Share any cultural , spiritual, or religious traditions you want followed.
Learn about MAID (Medical Assistance in Dying) if you are 19 years or older and talk to a physician if you have questions.
Think about support for your loved ones like grief or support groups.
Learn about organ donation and register if you choose to.
Talk about how you want others to be told of your final days or death such as by phone, message, or social media.

Writing Down Your End-of-Life Wishes

Learn about an advance care plan in the resource kit. It is a written plan of all the topics above and your choices care in case you become unable to make decisions for yourself.
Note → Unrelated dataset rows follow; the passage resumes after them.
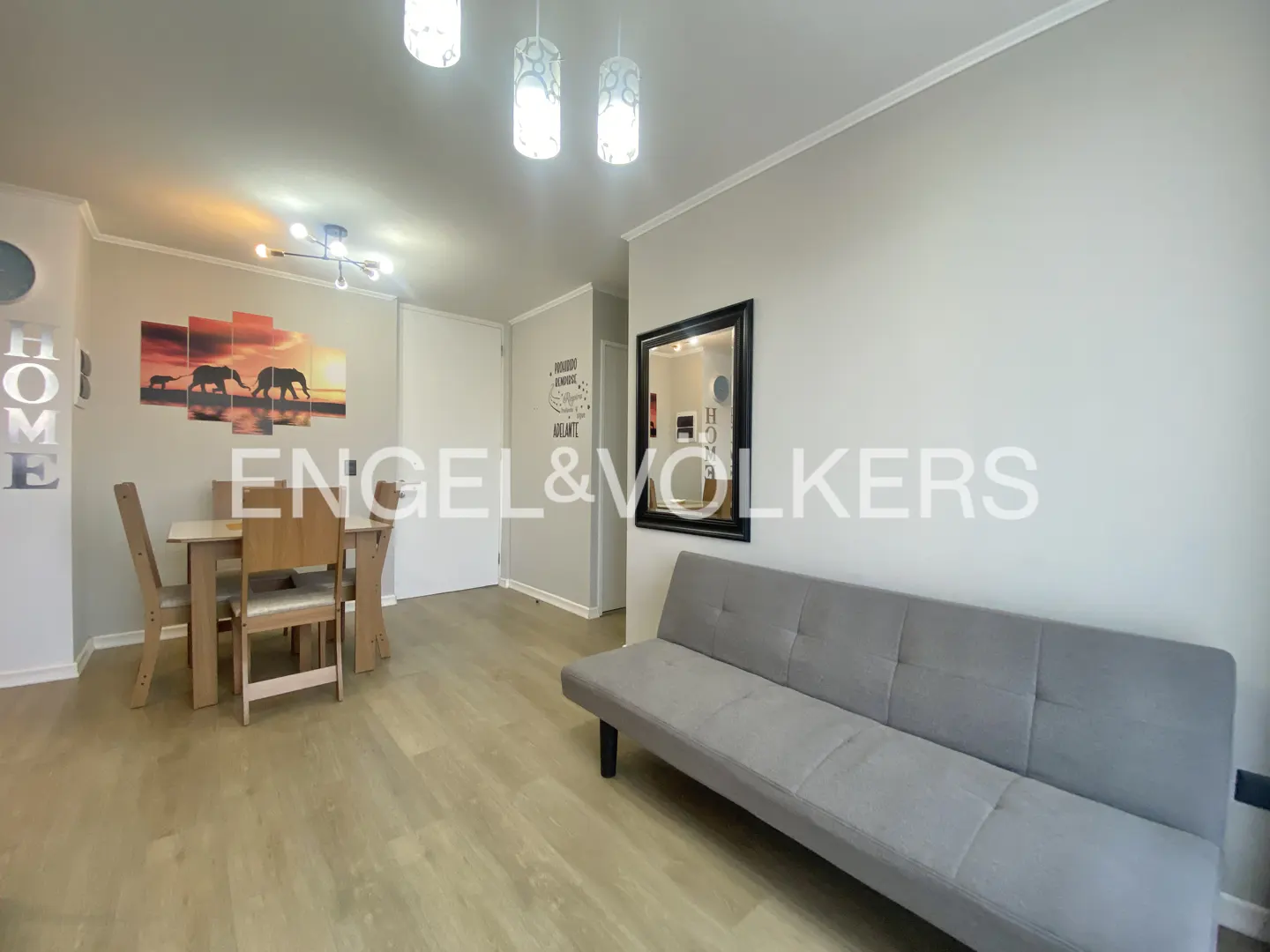 A bright living room with a gray sofa, a wooden dining table, and an elephant-themed wall art. The Engel & Volkers logo is superimposed.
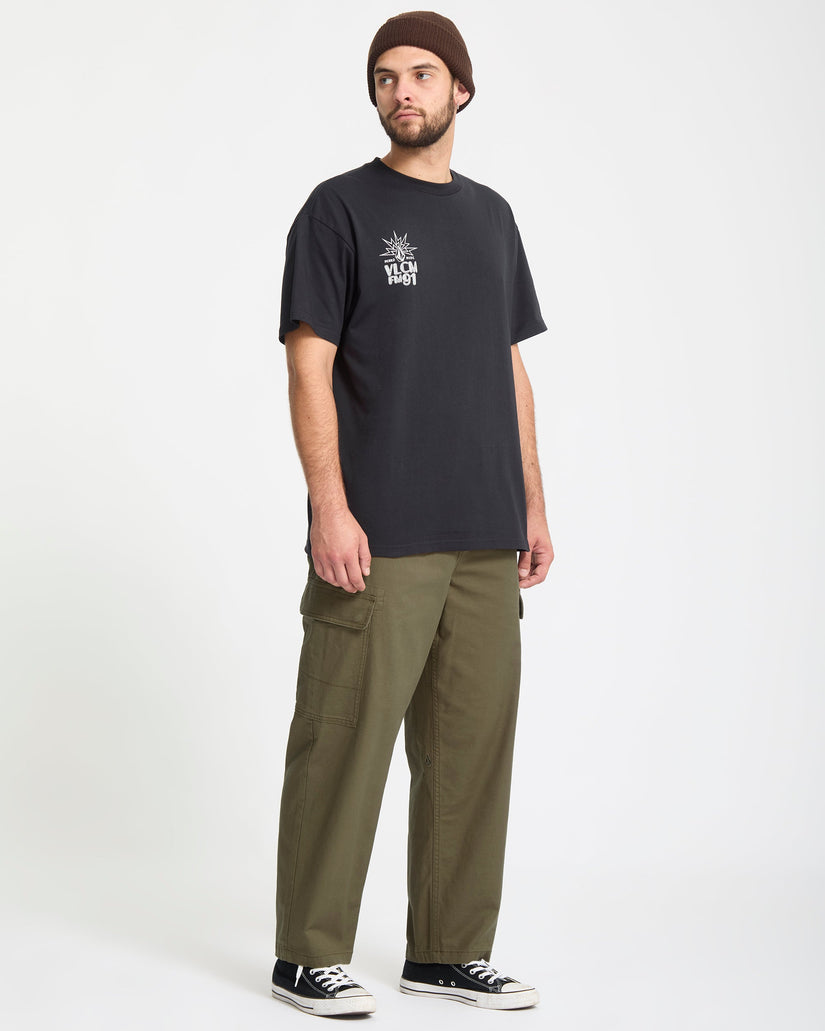 Man wearing a black Volcom t-shirt with a logo and green pants on a white background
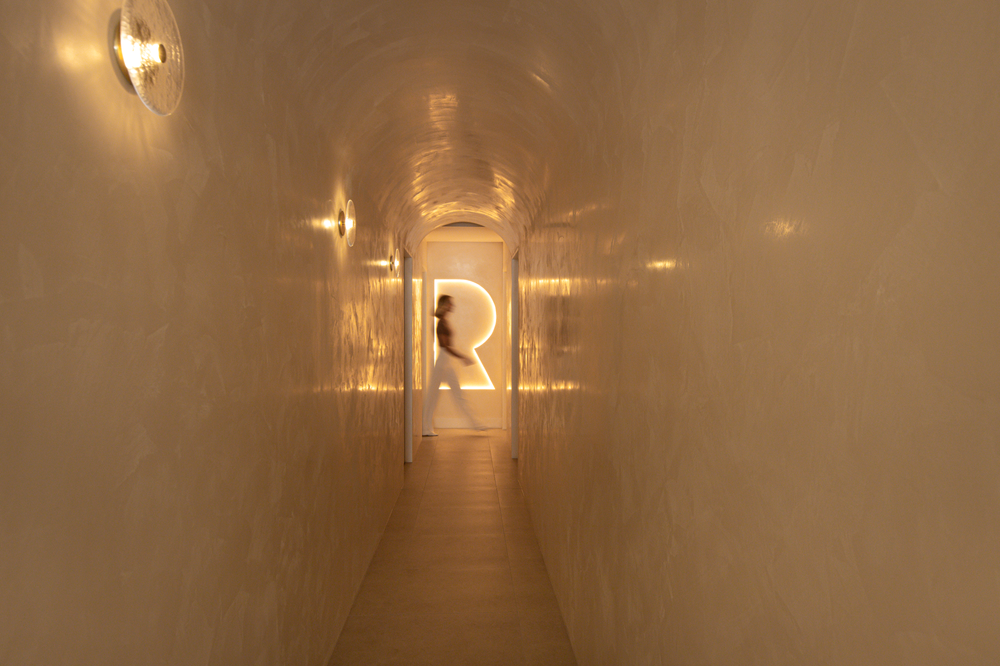 A Person Is Walking Down a Long Hallway with A Light on The Wall — Rejuved in Bateau Bay, NSW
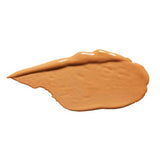 A swatch of 100% Pure 2nd Skin Concealer 5ml in Shade 3, a medium tan tone, sits on a white background, highlighting its natural finish formula.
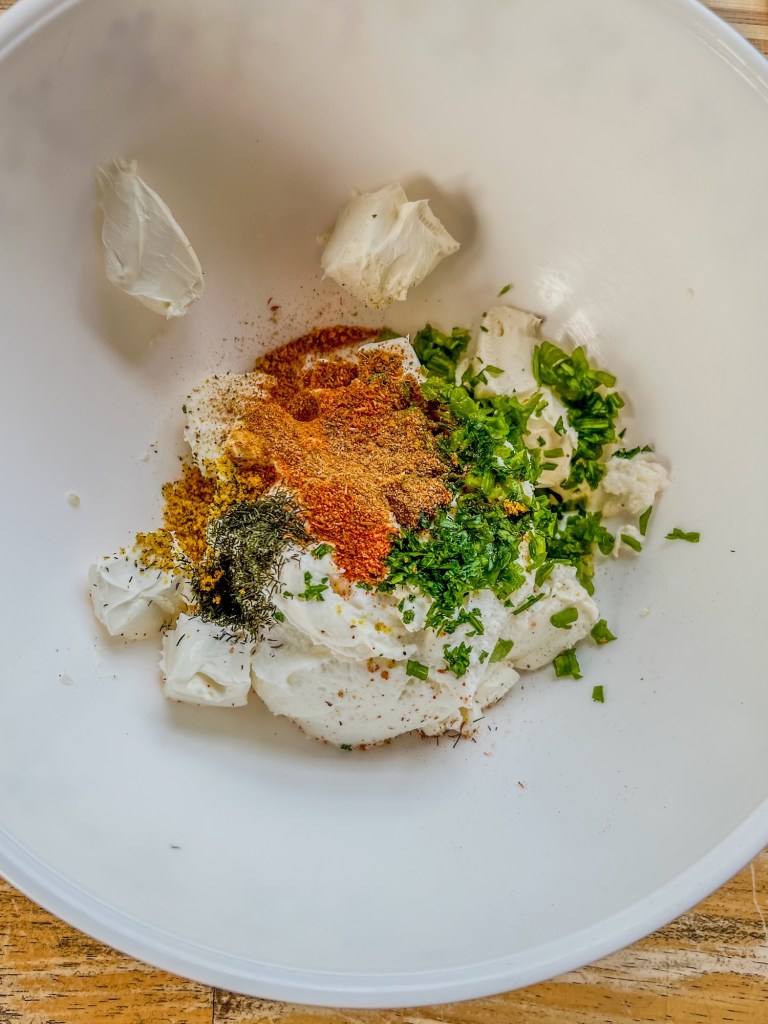 Filling ingredients for warm shrimp rolls in a large mixing bowl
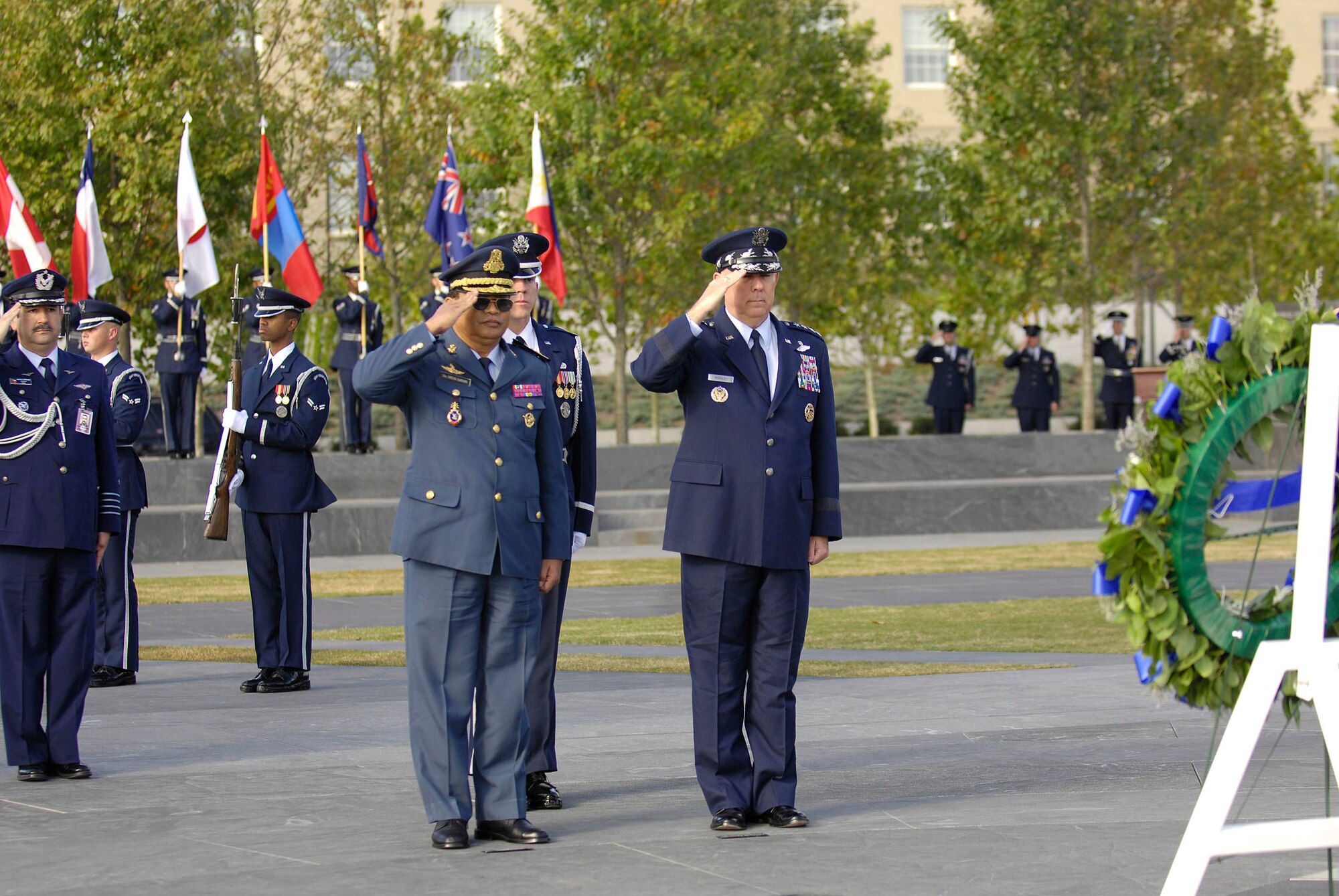 Air Force Chief of Staff Gen. T. Michael Moseley and Lt. Gen. Soeung Samnang salute during a foreign dignitary arrival and wreath-laying ceremony at the Air Force Memorial in Arlington, Va., on Tuesday, Oct. 24.  (U.S. Air Force photo/Senior Airman Desiree Andrejcik) 
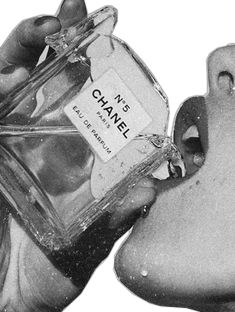 a hand holding a bottle of chanel no 5 perfume in it's mouth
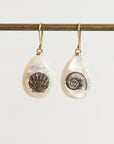 Teardrop-shaped earrings with shell designs on a white background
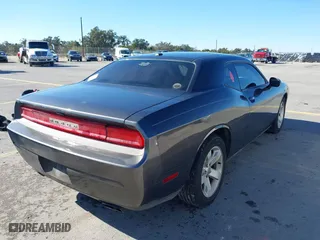 2013 Dodge Challenger Rallye Redline with VIN 2C3CDYAG8DH578929, listed as a IAAI auction lot 41479265 with 138,098 mi miles. Bid and sale history available at carsss.com. Image 4.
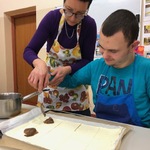 Nauczyciel i uczeń nakładają dżem na ciasto francuskie leżące na blaszce.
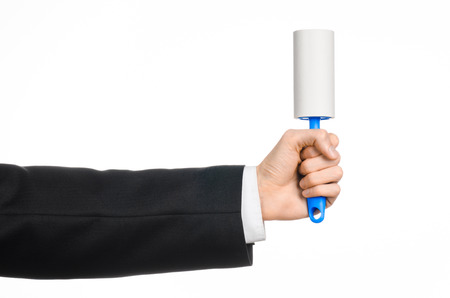 Dry cleaning and business theme: a man in a black suit holding a blue sticky brush for cleaning clothes and furniture from dust isolated on white backgroundの写真素材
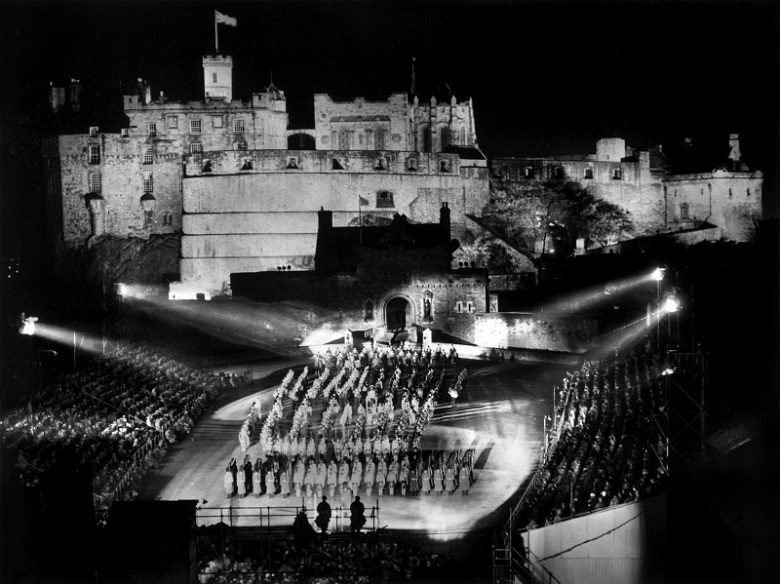 A black and white archive photo of the military tattoo taking place in front of Edinburgh Castle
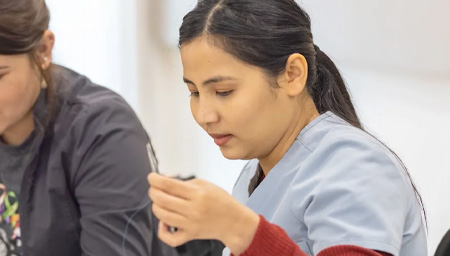 Student works on suturing in skills class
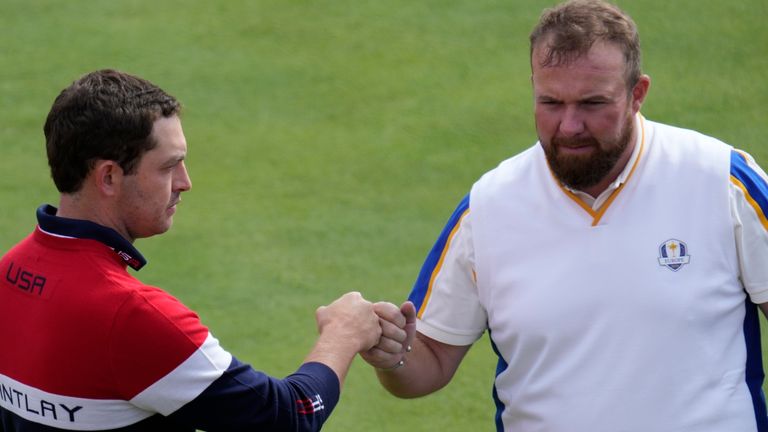 Team USA's Patrick Cantlay greets Team Europe's Shane Lowry on the first tee during a singles match the Ryder Cup at the Whistling Straits Golf Course Sunday, Sept. 26, 2021, in Sheboygan, Wis. (AP Photo/Ashley Landis)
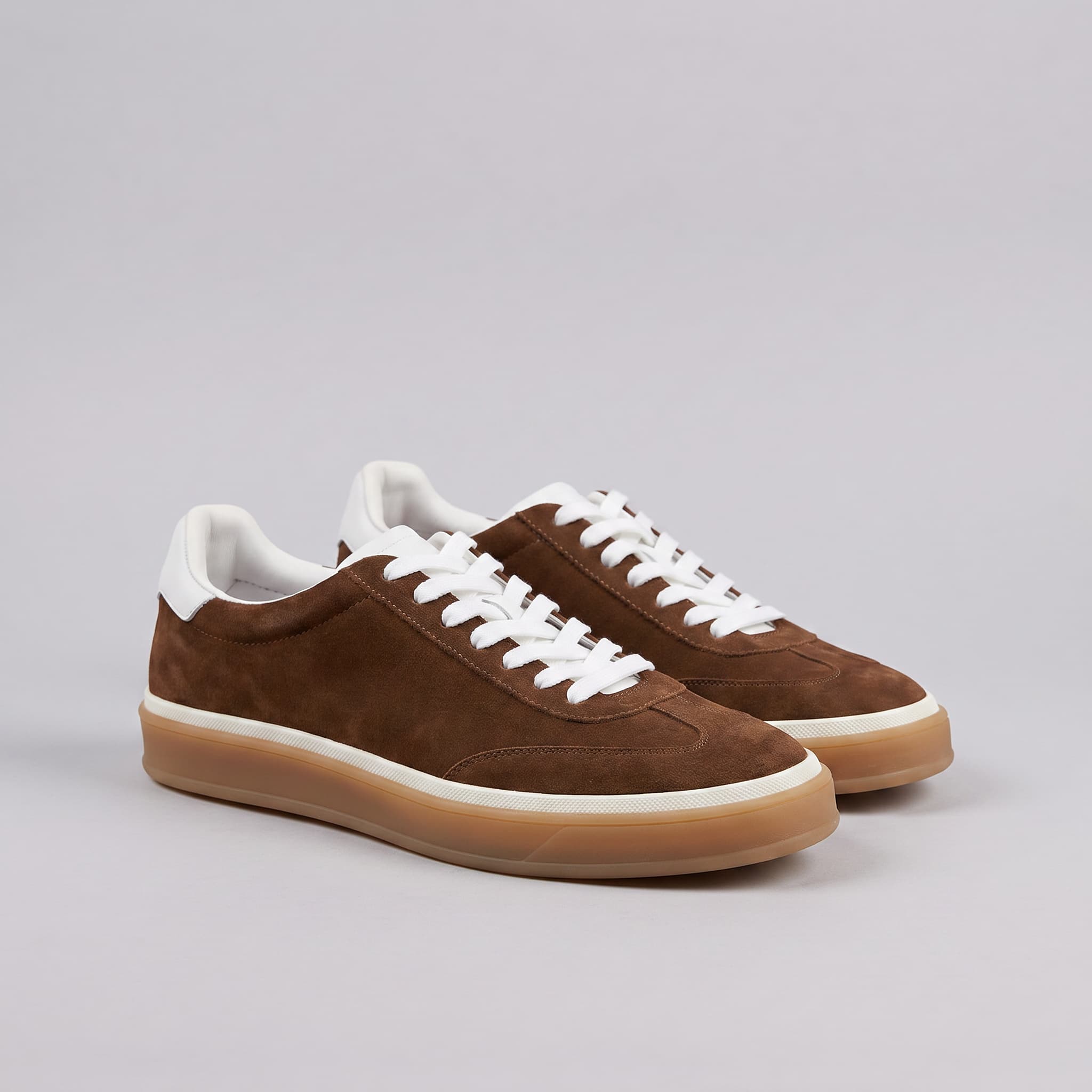 Brown sneakers with white laces and soles on a gray background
It can include

Your personal values and goals about quality of life, dignity, and comfort in case of serious illness or injury.
Specific health care instructions about the types of medical treatments you want or do not want, such as life support, resuscitation, or organ donation.
The appointment of a substitute decision-maker, and
Your wishes for end-of-lifecare, including hospice care, palliative care, MAID, or other.

Check out these advance care planning tools especially created to help you.

Choosing Who Supports Your End-of-Life Decisions

Think about who you trust to help you make big decisions about your health care, and end of life decisions – these could be family, friends, roommates, partners, or health professionals.
Think about how you want each person to be involved – emotionally, legally, or practically.
Reflect on those you trust and who are closest to you. Consider your care partnersand how they have been involved.
Keep in mind that plans can change quickly and unexpectedly, so it’s always good to have a backup.

Visit the resource kit to learn about these roles and services.

“Facing death at a young age is hard for you, your family and probably everyone around you. It brings up a whole bunch of feelings and emotions from anger, denial, depression and probably mostly sadness. Not just for the person who is dying but also for everyone. But it is also a time to make sure your voice is heard and your wishes are followed to help you find peace.”

Tip

Choose a safe, calm place to talk with people you trust about your end-of-life wishes while you are still able to make your own choices. Write it down in an advance care plan if you choose.